I will also rebuild the front wheel also using a snow cat rim and a Shimano hub dynamo so I always have some light.

Does anyone have any suggestions for improvements?

Also can anyone tell me what would be the best geared hub to use?. I have disc brakes so I need disc mountings and I would prefer 36 spokes as I am quite heavy. I would like to have at least 6 gears but the Rohloff hubs are way to expensive.

Edit: it looks like the Nexus doesn´t take a disc - there is an SRAM dual drive hub which does but only has 3 gears :(

Edit2: The guys at ice bike seem to be thinking along the same lines as me: http://icebike.org/Equipment/CustomEquipment.htm

Edit3; A further thought if I get a geared hub with a built-in brake I could ditch the rear disk. Sturmey Archer make a 7 speed hub with brakes. http://www.sturmey-archer.com/layout3.htm. I have read bad things about coaster brakes but drum brakes should be OK

royalflash 03-21-05 07:25 AM

you can hear a pin drop in the winter commuting forum :p

ok its the wrong season to be thinking about winter commuting-everyone is just glad its finally over :)

Juha 03-21-05 07:44 AM

Whaddaya mean it's over? No way.

Of course both hubs could be upgraded: rear to Rohloff and front to SON. But cost may be prohibitive, as you said yourself. If you do get the Shimano dynohub, make sure it's the 3w newer model.

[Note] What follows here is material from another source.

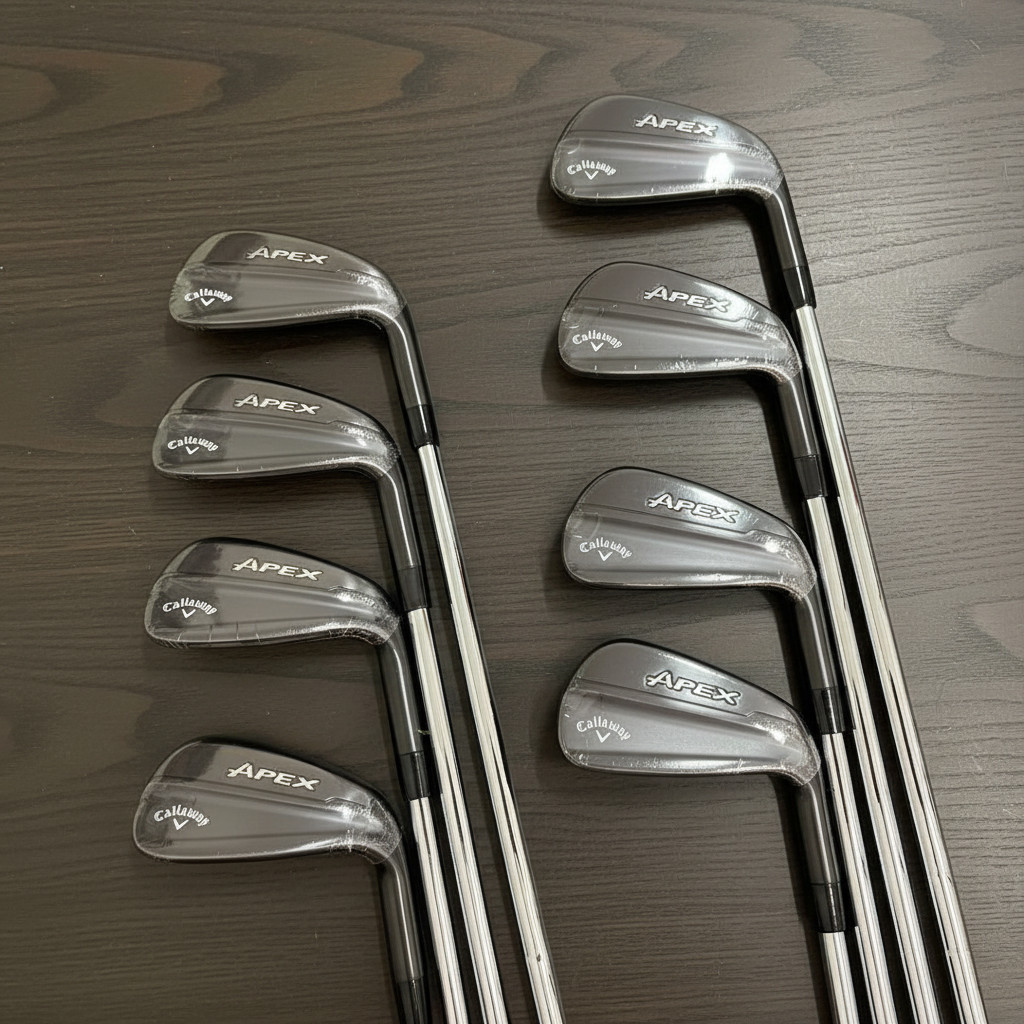 New Callaway Apex TI fusion black irons 4-PW AW 8-Piece Iron set New Callaway Apex TI fusion black irons 4-PW AW 8-Piece Iron set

You don't mention other details: pedals, possible suspension systems and lights. I personally would not use clipless pedals in winter, and any added moving parts just bring more maintenance work IMHO. Lights: I would suggest either B&M Lumotec or Bisy in front (I have the Lumotec and I like it), a white "be seen" led for backup and a blinky led of your choice in the rear.

Add lots of reflectors and maybe a reflective vest on self.

--J

royalflash 03-21-05 08:39 AM


Originally Posted by Juha
Whaddaya mean it's over? No way.

Of course both hubs could be upgraded: rear to Rohloff and front to SON. But cost may be prohibitive, as you said yourself. If you do get the Shimano dynohub, make sure it's the 3w newer model.

You don't mention other details: pedals, possible suspension systems and lights. I personally would not use clipless pedals in winter, and any added moving parts just bring more maintenance work IMHO. Lights: I would suggest either B&M Lumotec or Bisy in front (I have the Lumotec and I like it), a white "be seen" led for backup and a blinky led of your choice in the rear.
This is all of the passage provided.